No início dos tempos, o labor do homem estava ligado intrinsecamente às suas necessidades sobrevivenciais. As estações ditavam a urgência na satisfação dessas necessidades. O homem vivia em estado de natureza, alinhado totalmente por ela. Existia o conceito de tempo, mas não uma medição exata do tempo. Aquando da Revolução Industrial (que terá começado gradualmente a partir de 1760) os empresários, pretendendo maximizar a produção, careciam de 24 horas diárias laborais, todos os dias. Nesse contexto, aos trabalhadores para alimentar a exigência da máquina de produção, era imposto um horário de 10 a 16 horas diário (10 a 12 horas para as crianças).
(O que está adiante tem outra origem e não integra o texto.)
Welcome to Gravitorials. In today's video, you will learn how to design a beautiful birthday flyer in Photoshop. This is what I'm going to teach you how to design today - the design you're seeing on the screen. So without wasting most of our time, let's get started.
O relógio marcava o tempo produtivo.

Em 1886, fundou-se nos Estados Unidos da América a Associação das Oito Horas, repartindo um dia em três vertentes: oito horas de trabalho, oito horas de lazer e oito horas de descanso.

O dia 1 de maio assinala o Dia do Trabalhador, pois corresponde à primeira manifestação de 500 mil trabalhadores nas ruas de Chicago e a uma greve geral em todos os Estados Unidos, ocorrida em 1886. Até então, os trabalhadores jamais exigiram menos tempo de trabalho.
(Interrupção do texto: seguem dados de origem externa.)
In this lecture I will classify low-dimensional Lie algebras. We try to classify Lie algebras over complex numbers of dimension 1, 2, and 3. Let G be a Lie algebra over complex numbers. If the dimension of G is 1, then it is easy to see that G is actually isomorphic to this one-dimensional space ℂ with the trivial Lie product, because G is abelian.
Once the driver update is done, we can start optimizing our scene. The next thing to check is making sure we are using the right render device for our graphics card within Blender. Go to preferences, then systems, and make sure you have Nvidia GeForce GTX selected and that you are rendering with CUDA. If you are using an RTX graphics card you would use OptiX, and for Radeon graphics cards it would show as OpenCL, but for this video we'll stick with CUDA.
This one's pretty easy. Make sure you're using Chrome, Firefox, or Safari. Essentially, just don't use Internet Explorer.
Em Portugal, os trabalhadores do comércio e da indústria conquistaram, em 1919, as 8 horas diárias. Os operários agrícolas (ou jornaleiros) recebem esse limite apenas em 1962, pondo fim ao regime do trabalho (literalmente) de sol a sol.
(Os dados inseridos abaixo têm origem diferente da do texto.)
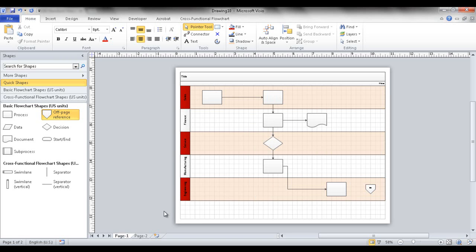That covers the basics of swim lane creation and some tips on formatting. I hope this helps — thanks for watching.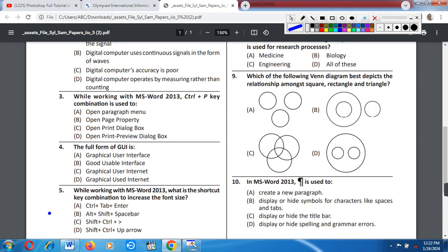Question number 3: While working with MS Word 2013, the Control + P key combination is used to: A) Open paragraph menu, B) Open paste property, C) Open print dialogue box, D) Open print preview dialogue box. Correct answer is option C: Open print dialogue box.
Hoje, o modelo das 8h não é questionado.

Não se indaga da razão do tempo de descanso ser igual ao de trabalho. A arquitetura da vida é pensada em função de conceitos de gestão, competitividade, produtividade e maximização.

Ainda, os avanços na tecnologia fazem importar o tempo de trabalho para o tempo de lazer, não havendo uma linha de demarcação temporal (o relógio como medida de tempo desaparece, e é substituído pela voragem do trabalho a fazer). Surge uma (con)fusão entre tempo de trabalho e tempo de lazer.

O tempo de trabalho insidiosamente aumenta e a auto-disponibilidade pessoal diminui. O tempo de deslocação para o trabalho cresce, também, erodindo o tempo de descanso.

Trabalha-se mais, para produzir mais e há que trabalhar mais, para consumir mais.

Urge repensar o tempo de trabalho. Na linha do personalismo ético, o homem nasce livre, como ser único e irrepetível, e não pode para ganhar a vida, perdê-la.